What you need to do
Among the entries below, how many lines hold the word "Women"? Reply with the number only.

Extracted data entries
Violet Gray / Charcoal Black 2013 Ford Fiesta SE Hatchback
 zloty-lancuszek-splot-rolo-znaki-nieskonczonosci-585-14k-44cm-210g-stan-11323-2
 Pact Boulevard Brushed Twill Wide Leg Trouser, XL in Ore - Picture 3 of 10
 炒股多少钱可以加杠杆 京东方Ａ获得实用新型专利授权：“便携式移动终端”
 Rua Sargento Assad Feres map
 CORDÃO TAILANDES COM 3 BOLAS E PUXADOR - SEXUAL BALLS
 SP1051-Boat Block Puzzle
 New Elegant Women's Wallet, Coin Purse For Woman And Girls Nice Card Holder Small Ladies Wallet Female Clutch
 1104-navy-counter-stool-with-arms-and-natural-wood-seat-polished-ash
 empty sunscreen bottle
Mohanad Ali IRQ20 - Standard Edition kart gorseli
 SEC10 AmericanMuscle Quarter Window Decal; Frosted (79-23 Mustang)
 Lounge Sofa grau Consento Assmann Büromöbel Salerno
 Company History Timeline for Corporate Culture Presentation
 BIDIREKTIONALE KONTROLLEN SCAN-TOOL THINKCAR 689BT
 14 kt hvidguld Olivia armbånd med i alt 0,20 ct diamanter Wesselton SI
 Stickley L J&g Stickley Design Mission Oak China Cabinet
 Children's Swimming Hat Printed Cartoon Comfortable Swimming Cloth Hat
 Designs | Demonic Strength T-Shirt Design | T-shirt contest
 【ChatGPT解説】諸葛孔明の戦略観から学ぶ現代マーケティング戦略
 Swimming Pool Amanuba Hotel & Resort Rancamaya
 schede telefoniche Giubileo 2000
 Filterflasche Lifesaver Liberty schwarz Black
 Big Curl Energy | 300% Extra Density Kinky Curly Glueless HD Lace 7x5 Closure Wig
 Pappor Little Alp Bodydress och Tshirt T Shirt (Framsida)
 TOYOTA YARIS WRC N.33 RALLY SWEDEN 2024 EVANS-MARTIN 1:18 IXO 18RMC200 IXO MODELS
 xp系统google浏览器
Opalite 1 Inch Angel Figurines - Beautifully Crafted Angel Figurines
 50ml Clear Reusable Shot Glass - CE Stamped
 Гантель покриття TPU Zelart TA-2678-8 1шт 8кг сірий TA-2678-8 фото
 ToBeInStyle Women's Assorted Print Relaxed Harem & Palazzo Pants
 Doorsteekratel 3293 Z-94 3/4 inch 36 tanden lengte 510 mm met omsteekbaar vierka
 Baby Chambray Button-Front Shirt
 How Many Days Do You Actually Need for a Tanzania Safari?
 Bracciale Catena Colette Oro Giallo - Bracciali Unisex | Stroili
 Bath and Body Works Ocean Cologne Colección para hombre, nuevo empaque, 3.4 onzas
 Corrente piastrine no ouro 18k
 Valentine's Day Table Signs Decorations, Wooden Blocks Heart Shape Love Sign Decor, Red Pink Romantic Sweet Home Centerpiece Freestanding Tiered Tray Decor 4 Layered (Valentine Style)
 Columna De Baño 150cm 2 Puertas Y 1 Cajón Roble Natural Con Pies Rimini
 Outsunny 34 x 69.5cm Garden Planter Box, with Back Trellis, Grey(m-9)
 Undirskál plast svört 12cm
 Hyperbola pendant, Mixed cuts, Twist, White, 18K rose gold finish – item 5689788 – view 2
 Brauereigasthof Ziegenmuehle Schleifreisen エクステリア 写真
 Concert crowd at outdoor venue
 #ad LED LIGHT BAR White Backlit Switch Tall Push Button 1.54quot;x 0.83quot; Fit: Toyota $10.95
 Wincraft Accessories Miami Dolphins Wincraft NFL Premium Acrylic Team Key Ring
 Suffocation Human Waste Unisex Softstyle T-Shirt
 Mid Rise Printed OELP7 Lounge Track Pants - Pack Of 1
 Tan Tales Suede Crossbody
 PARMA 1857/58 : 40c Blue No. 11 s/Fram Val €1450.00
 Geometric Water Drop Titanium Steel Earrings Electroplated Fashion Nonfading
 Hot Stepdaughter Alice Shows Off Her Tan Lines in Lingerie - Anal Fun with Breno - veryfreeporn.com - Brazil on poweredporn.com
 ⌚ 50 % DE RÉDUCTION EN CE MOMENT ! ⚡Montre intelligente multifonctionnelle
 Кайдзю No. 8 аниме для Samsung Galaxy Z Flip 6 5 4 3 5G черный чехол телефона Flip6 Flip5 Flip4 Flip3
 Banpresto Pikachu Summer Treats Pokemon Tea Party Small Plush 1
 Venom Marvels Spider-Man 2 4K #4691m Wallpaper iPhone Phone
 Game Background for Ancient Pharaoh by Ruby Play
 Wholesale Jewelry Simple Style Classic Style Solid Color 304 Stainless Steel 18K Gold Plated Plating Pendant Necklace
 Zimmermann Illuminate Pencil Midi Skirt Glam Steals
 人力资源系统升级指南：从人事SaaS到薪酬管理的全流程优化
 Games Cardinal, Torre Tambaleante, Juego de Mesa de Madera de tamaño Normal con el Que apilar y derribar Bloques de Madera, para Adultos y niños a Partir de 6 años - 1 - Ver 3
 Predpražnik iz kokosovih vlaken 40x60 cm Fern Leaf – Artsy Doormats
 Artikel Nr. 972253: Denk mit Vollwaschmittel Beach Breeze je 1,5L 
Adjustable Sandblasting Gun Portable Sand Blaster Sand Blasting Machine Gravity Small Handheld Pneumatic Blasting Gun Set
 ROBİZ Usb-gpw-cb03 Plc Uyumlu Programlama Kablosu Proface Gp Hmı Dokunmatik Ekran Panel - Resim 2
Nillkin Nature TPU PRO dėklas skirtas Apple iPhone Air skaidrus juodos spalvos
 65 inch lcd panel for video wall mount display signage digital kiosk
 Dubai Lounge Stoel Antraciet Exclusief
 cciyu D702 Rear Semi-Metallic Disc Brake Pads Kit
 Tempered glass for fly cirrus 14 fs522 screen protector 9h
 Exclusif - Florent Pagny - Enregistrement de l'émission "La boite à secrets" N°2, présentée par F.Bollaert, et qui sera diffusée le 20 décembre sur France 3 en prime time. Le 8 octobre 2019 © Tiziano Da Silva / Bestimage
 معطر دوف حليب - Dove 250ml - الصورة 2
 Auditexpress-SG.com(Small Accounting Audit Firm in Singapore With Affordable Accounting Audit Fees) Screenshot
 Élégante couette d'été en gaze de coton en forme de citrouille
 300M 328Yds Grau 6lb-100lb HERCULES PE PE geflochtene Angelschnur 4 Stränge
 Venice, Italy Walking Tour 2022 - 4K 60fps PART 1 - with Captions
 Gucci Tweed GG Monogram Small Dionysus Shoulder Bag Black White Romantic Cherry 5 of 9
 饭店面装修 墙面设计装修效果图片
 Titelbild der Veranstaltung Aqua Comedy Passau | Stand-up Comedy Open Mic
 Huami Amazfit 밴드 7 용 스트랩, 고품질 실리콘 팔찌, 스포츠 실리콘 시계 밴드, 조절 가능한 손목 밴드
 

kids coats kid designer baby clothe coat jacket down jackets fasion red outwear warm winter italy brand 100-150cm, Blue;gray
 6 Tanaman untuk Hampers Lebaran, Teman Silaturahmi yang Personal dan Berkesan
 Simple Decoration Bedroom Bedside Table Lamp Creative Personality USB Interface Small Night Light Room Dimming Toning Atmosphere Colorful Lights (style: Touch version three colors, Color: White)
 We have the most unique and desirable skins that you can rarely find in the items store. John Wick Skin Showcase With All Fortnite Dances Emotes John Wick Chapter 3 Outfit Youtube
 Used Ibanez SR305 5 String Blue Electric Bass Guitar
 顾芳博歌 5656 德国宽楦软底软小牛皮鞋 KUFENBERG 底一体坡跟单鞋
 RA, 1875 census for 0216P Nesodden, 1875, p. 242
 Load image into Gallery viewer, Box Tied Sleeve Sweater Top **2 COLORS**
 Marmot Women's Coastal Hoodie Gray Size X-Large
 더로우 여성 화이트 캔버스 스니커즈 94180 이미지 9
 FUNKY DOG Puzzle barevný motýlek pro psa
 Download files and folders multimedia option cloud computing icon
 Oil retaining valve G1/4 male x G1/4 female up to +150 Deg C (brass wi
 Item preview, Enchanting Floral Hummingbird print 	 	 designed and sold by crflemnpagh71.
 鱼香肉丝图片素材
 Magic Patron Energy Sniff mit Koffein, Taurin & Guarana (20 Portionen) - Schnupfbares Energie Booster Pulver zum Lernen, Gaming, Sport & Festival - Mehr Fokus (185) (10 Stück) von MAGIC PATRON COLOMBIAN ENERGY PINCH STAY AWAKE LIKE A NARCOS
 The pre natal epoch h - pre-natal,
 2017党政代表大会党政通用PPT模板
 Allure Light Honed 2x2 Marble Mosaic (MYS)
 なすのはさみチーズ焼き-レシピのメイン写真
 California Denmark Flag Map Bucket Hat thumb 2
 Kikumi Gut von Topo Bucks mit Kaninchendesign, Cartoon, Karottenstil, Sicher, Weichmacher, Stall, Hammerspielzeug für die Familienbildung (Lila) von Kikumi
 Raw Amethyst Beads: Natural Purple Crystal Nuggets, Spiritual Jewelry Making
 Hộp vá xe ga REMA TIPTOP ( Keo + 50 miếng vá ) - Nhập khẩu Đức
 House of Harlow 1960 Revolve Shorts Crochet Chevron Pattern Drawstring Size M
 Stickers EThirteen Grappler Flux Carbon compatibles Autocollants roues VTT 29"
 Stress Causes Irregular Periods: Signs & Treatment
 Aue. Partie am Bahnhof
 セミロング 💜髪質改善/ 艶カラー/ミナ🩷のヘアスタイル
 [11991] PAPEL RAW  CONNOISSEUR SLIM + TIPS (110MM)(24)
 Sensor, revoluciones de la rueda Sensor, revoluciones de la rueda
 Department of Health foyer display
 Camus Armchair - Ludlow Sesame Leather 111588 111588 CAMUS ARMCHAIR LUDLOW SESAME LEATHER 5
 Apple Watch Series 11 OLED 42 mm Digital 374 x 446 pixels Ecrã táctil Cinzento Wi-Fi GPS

Answer to this problem
3